This could have been avoided with a currency system. :(
(By the way, I also bought a bunch of food which didn't show up in my inventory. There's something wrong with the current IOU system.)
My rampage ended with stumbling upon an army gathered in the town hall, where I was savagely ripped to pieces.
I am forever remembered as Kado Growermirrored the Violent Devourer of Seizing.
[ November 01, 2007: Message edited by: Kintak ]
Still, you should be able to steal things without suffering from side-effects besides for being a wanted man. If it's too easy, maybe there should be more guards. If the consequences still aren't enough, maybe towns should hold communications with each other so if you're wanted in a certain town, you might also become wanted in another certain town.
In fact, speaking of that, it would be cool if there was a public wanted list and you could hunt down criminals if you so chose.
[ November 01, 2007: Message edited by: Kintak ]
quote:
When you buy something, it becomes yours. You just have to pick it up (at least in the previous version you did, so I assume it's still the same). So that armor you bought shouldn't just show up in your inventory. It should be on a table in the shop, most likely.
Alas, my poor human maceman inadvertently became an outlaw because of the confusing merchant system. I had bought an iron helm from a merchant, and went over to pick it up... but there were two, and apparently I picked up the wrong one. Guards instantly began to treat me as hostile.
Frustratingly enough, even after I killed every single human in the entire town, I still couldn't travel :(
quote:
Originally posted by Havlock:
<STRONG>Items and buildings that are owned by others have the character used for coinage (monies) on the front and back of their names.</STRONG>
What is one unit of DF currency called, and how much is the equivalent of one U.S. dollar?
The whole buying-selling process isn't very realistic at all, though.
I'm willing to bet the last time you went shopping you weren't cut to peices the moment you picked up a shop item you hadn't already bought. :P
If you *did* pick up something that wasn't yours, you'd only be apprehended if caught putting it in your bag or leaving the shop without paying for it- and at most you'd be told to give it back, or maybe grabbed forcefully if you did a runner.
Maybe dwarf fortress should take a leaf out of Oblivion's book in this case- with guards stopping you and giving you the choice to return the goods or put up a fight (if you were known to be a bit of a baddun, or if your two nations were at war (looking forward to the armies arc), they might give you less of a chance!).
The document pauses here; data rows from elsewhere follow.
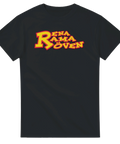 Retro citat-tryck Rena Rama Röven på svart t-shirt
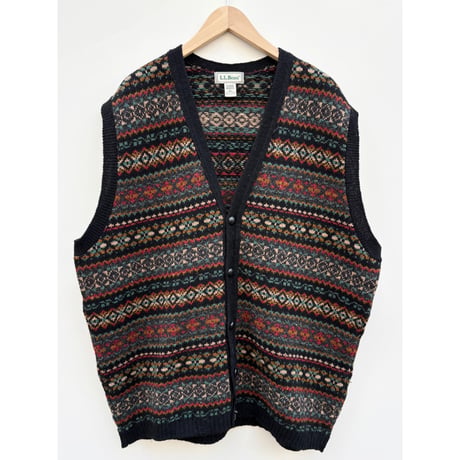 90s L.L.Bean WOOL KNIT VEST MADE IN SCOTLAND 🏴󠁧󠁢󠁳󠁣󠁴󠁿 Size XL-TALL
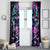 Rose Skull Window Curtain Stuck Between IDK IDC And IDGAF - Wonder Print Shop
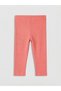 Pink Baby Girl Ribbed Leggings - 2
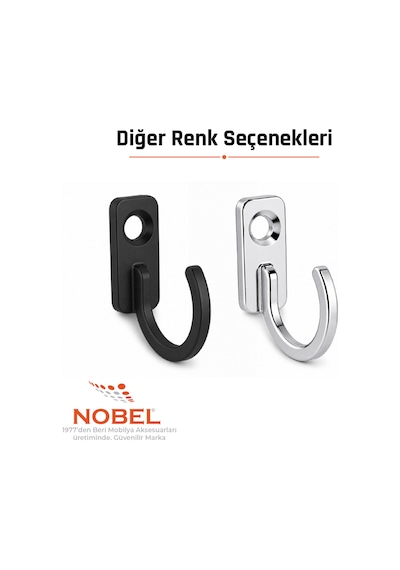 Anahtar Askısı, Metal Vestiyer Askısı, Siyah, Dolap Askılığı 5'li Set Vidalı Si Yah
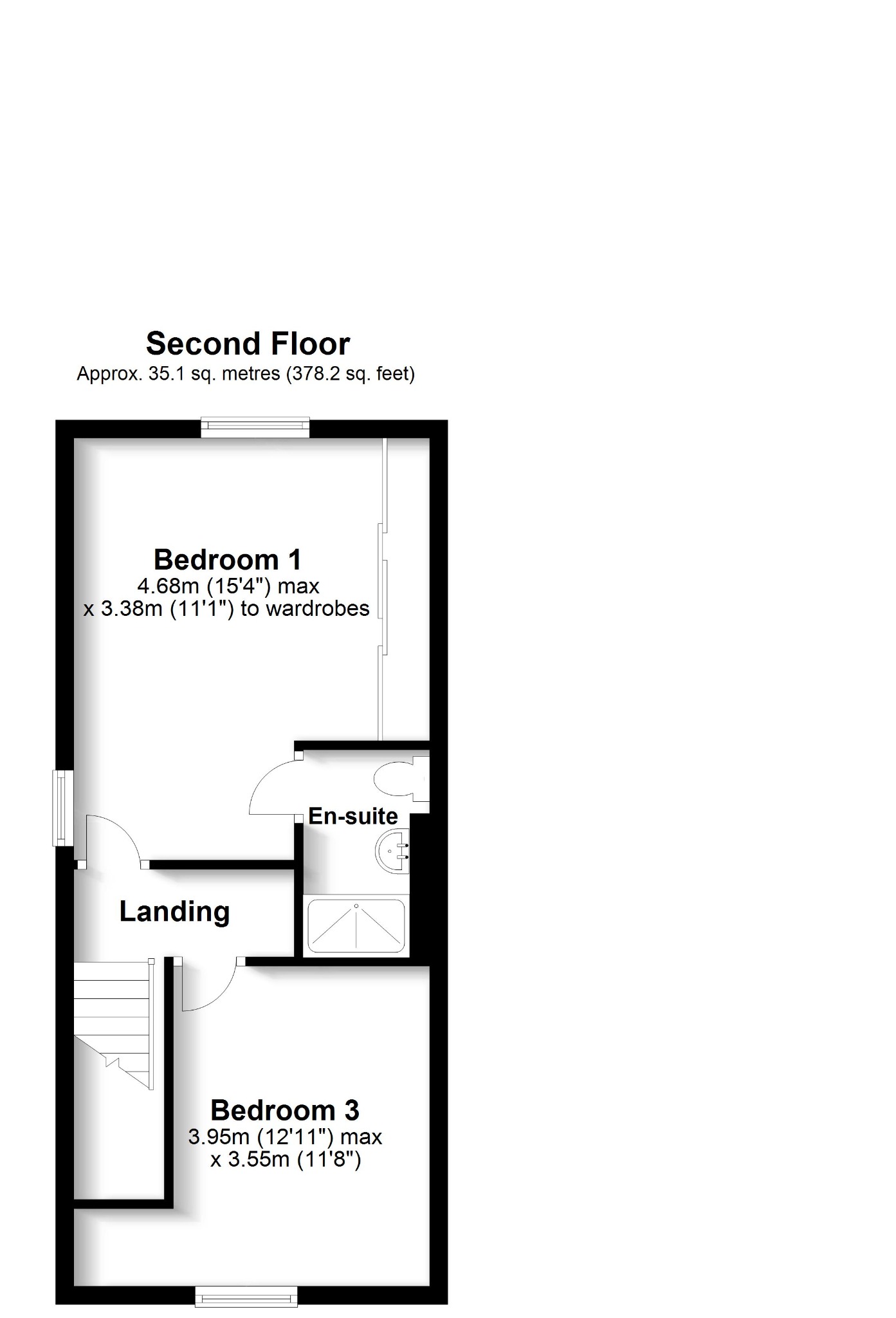 4 bed town house for sale in Castilian Way, Fareham - Property floorplan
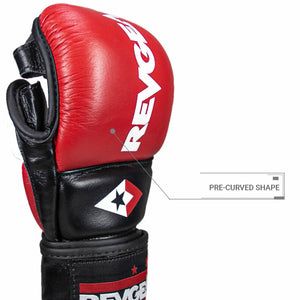 REVGEAR PRO SERIES MS1 MMA TRAINING AND SPARRING GLOVE - RED - FightstorePro
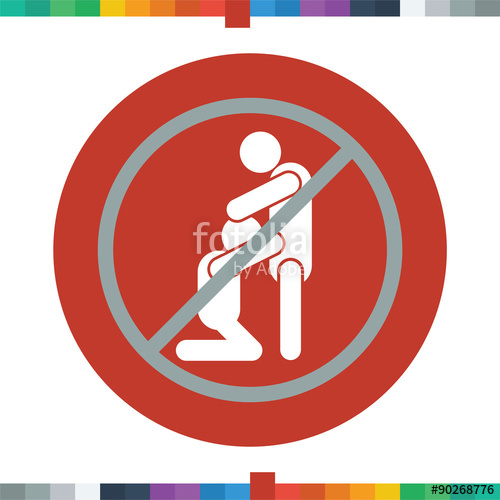 500x500 No Oral Sex Sign Icon. Stock Image And Royalty Free Vector Files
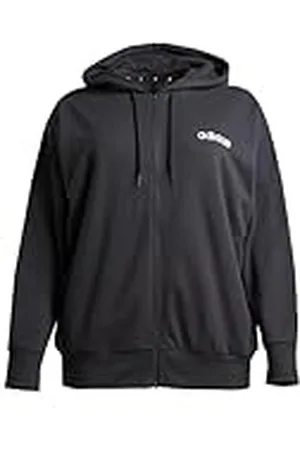 adidas Essentials - Sudadera con Capucha y Cremallera Completa para Mujer (Talla Grande) (Paquete de 1)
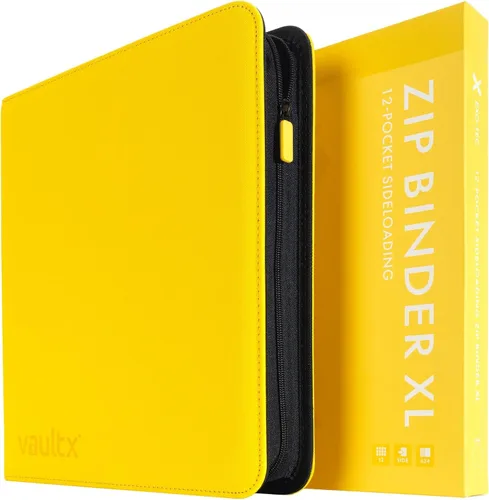 Vista 16 de Vault X Carpeta de tarjetas coleccionables con cremallera de 12 bolsillos Negro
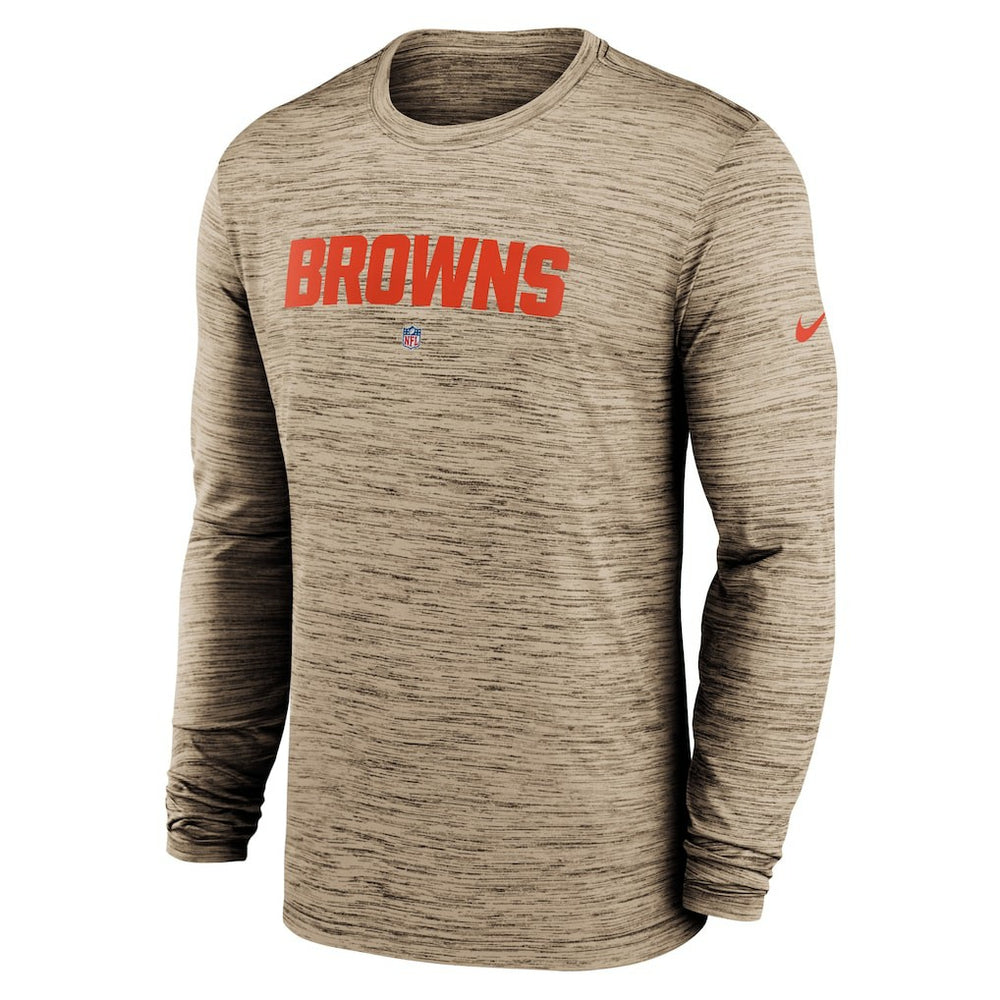NFL Cleveland Browns Sideline Team Velocity Performance Long Sleeve T-Shirt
I know that, obviously, merchants in DF are more like most computer game merchants- aping some kind of hypothetical medieval street stall-cum-pawn broker who sells things *and* buys useless random junk (I've tried flogging stuff to the lady behind the counter at my local newsagents; she's not having any of it), but it still strikes me a little odd that when they give you money you have to go over to their safe and pick the cash up yourself. The lady at the newsagents started screaming when I tried to get my change out of the till. :(
It's even stranger that, in all these backwater rural towns, they have armed guards ready to cut your head off at the slightest mistake- yet the villagers constantly put you in incredibly precarious positions where so much as putting a foot down in the wrong direction is a death sentence. Maybe that's the *real* economy in the dwarf fortress universe? Luring tourists into their towns, framing them for some kind of petty, made up crime, then murdering them and stealing all their worldly possessions. A very dwarven take on tourism!
(Yeah, I know all these systems are such because Toady's only had time to put in a basic prototype before rushing off to do something else, but that doesn't mean I can't grumpily complain about it. :P)
So, I eventually ended up doing a rather good black knight impression with my last breath. No limbs left, so I "pushed" the piker in the leg. And then I lost my head.
Couldn't see a thing though, the entire house was absolutely choked with smoke from the burning food barrel. I don't see how the pikeman could breathe in all that...
Reminds me of the time I wandered inside a swordsman's room while he was eating his fish supper and I stood on his table, grabbed the dish, and ate it. Then walked back out. A pity there's no alcohol in the world outside of your fortress though.